= Jimmy Neil Smith =

American storyteller (1947–2025)

Jimmy Neil Smith (April 13, 1947 – March 15, 2025) was the founder and president emeritus of the International Storytelling Center (ISC) in Jonesborough, Tennessee. In 1973, Smith, then a local journalism teacher, hosted the first National Storytelling Festival as a way to build regional and national awareness of Jonesborough. Smith's efforts led to a revival of storytelling in the US. Jonesborough is today referred to as the Storytelling Capital of the World.

== Early life ==
Smith was born in a pre-Civil War house on his grandparents' farm in rural Washington County, Tennessee – just eight miles from Jonesborough. Smith and his parents, Fred Neil and Dorothy Jackson Smith, moved to Jonesborough when he was about two years old. A sister, Jill, was born into the family in 1951. Smith graduated from East Tennessee State University in nearby Johnson City, Tennessee, with a BS degree in English, history, and journalism.

== Career ==
During high school and college, Smith was a reporter for the weekly Herald and Tribune in Jonesborough and the daily Johnson City Press.
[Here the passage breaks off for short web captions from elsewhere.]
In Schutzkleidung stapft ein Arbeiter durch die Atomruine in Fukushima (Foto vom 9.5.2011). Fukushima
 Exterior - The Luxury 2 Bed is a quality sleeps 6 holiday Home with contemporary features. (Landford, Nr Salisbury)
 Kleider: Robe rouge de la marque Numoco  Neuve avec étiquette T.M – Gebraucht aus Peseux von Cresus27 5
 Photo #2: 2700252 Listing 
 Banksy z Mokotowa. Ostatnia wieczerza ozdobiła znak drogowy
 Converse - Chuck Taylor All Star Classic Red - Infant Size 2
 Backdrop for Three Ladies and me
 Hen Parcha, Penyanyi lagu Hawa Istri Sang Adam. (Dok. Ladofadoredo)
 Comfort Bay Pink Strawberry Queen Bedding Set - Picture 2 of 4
While a journalist at the Press, he wrote Heritage in Buckskin, a weekly column featuring the history of the region. The columns were published in two small books. Upon graduation in 1969, Smith began teaching English—and later, journalism—at Science Hill High School in Johnson City. Smith also developed and directed a public information program for the Johnson City Schools to disseminate information and news about the school system, its teachers and administrators, and its students. When Smith was driving some of his journalism students to a nearby town to print the school newspaper, they were listening to comedian and storyteller Jerry Clower on the car radio tell a story about hunting in Mississippi. At that time, Smith turned to his students and suggested that Jonesborough should host a storytelling festival with storytellers, like Clower. Soon thereafter, Smith began contemplating a storytelling festival. He wanted to save the old, traditional stories of the Southern Appalachians for future generations, and he wanted to join other residents of Jonesborough who wanted to save the dying town and rebuild its economy. Smith hoped a storytelling festival could help accomplish both.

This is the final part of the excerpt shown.